[[ Data block open ]]
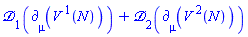 Physics:-D_[1](Physics:-d_[mu](V[`~1`](N), [N]), [N])+Physics:-D_[2](Physics:-d_[mu](V[`~2`](N), [N]), [N])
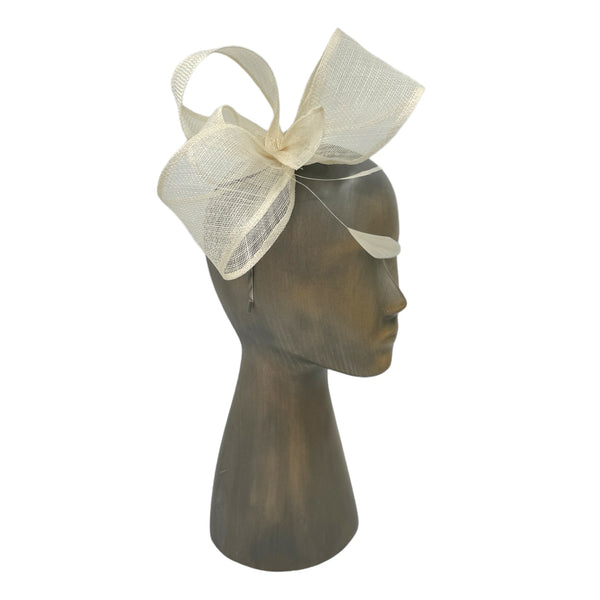 White fascinator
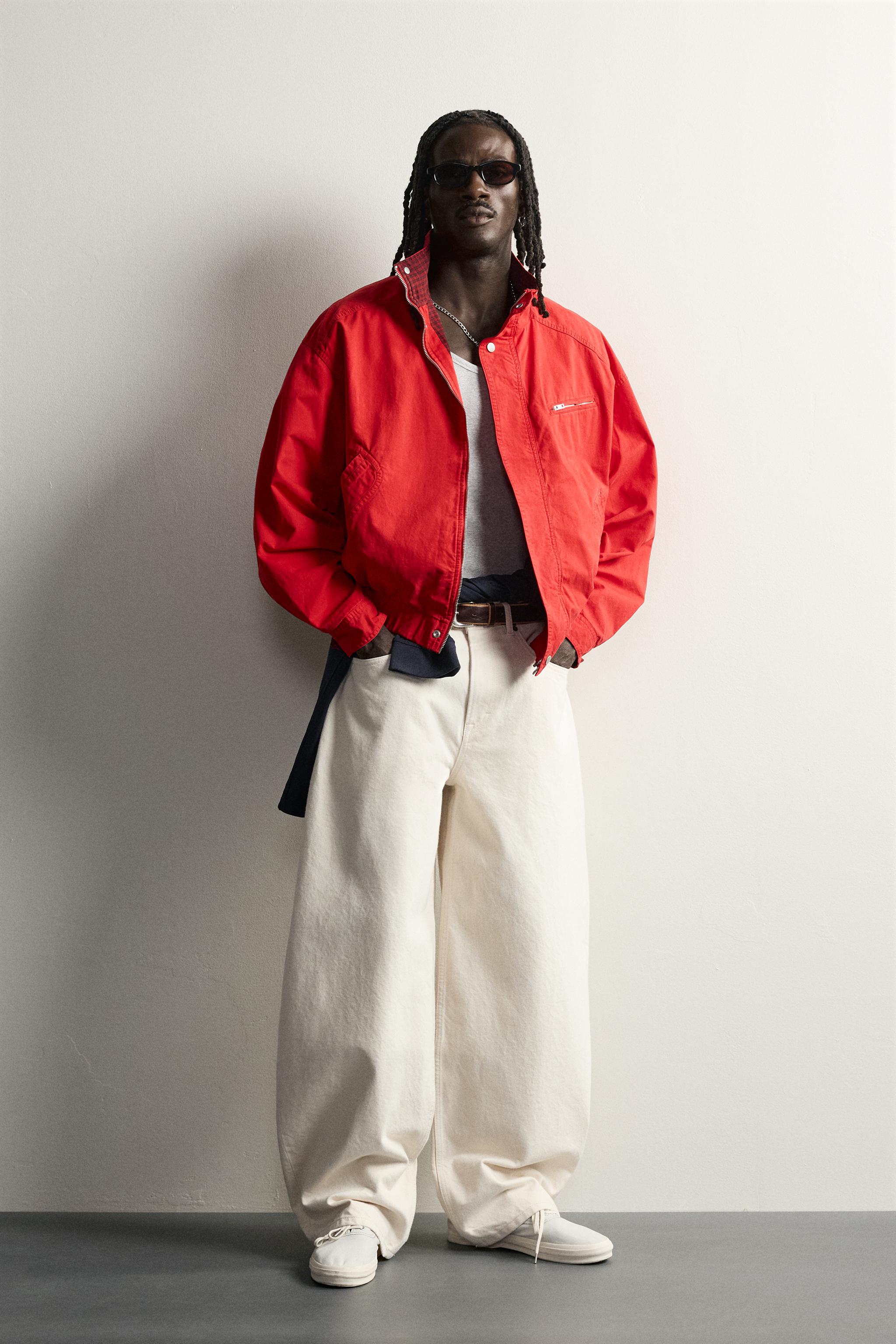 CONTRAST RELAXED FIT JACKET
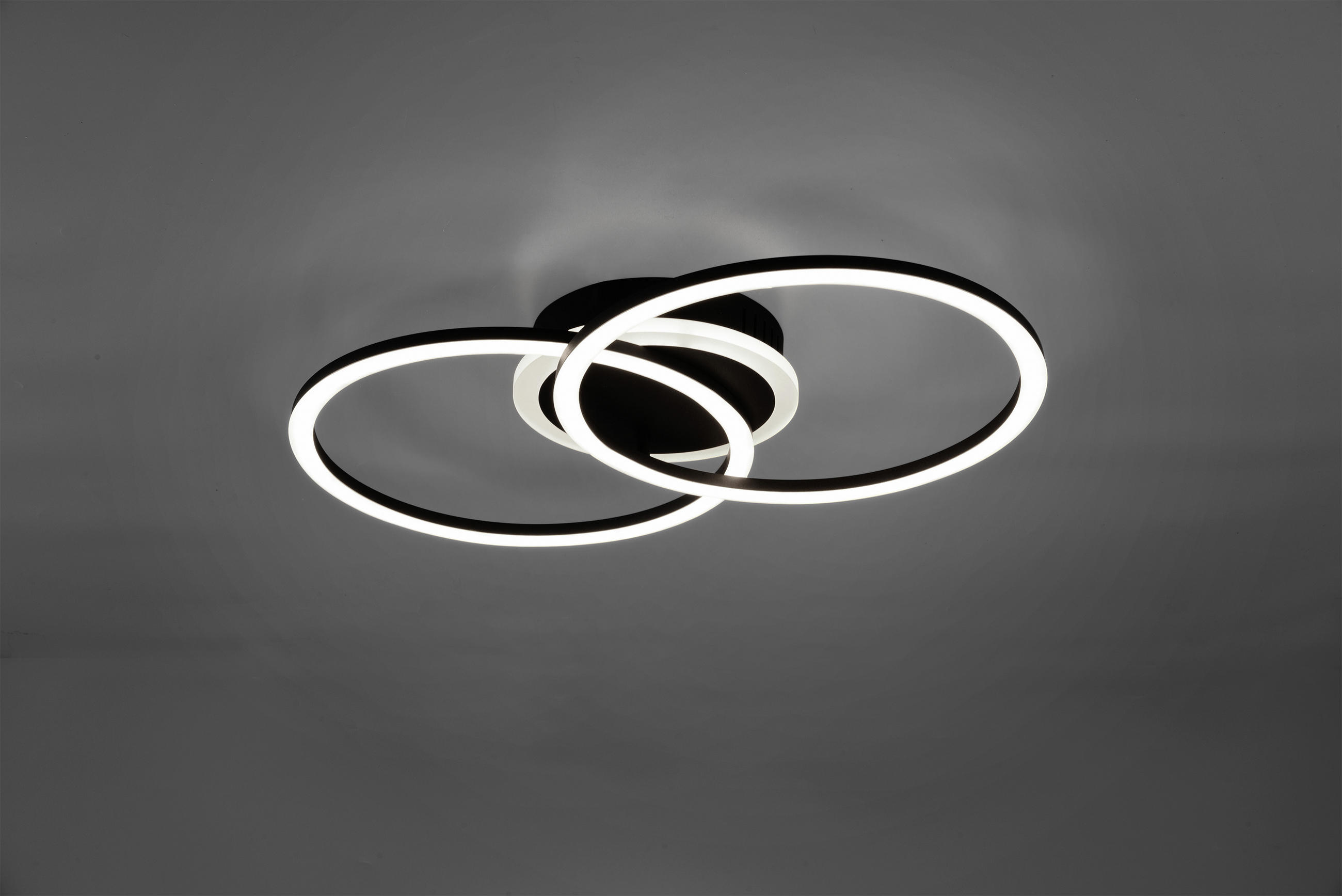 LED-DECKENLEUCHTE 50/30/7,5 cm   - Schwarz/Weiß, Design, Kunststoff/Metall (50/30/7,5cm)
[[ Data block closed ]]
Work required:
Exact copy, pictures omitted: every line from the one holding "White fascinator" through the last line of the data above, and nothing else.

Output of the exercise:
 White fascinator
 CONTRAST RELAXED FIT JACKET
 LED-DECKENLEUCHTE 50/30/7,5 cm   - Schwarz/Weiß, Design, Kunststoff/Metall (50/30/7,5cm)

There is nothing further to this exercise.